=== EXERCISE DATA ===
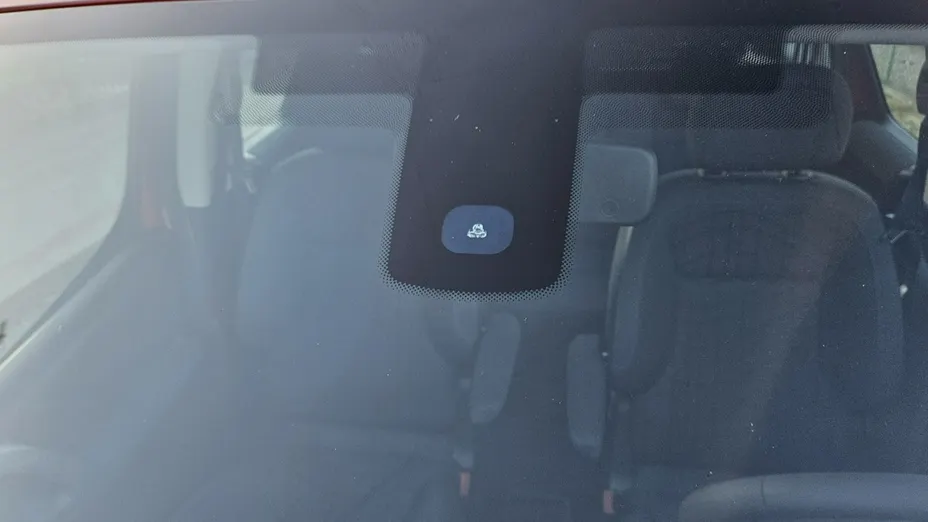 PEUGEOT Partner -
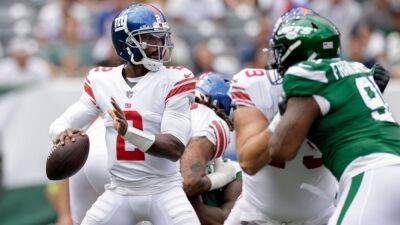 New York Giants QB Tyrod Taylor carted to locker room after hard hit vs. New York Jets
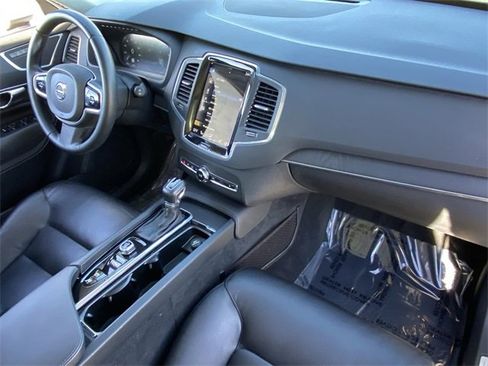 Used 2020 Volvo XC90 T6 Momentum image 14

=== ACTIVITY ===
Your task is to repeat the data above exactly while excluding the pictures.

=== EXERCISE RESULT ===
 PEUGEOT Partner -
 New York Giants QB Tyrod Taylor carted to locker room after hard hit vs. New York Jets
 Used 2020 Volvo XC90 T6 Momentum image 14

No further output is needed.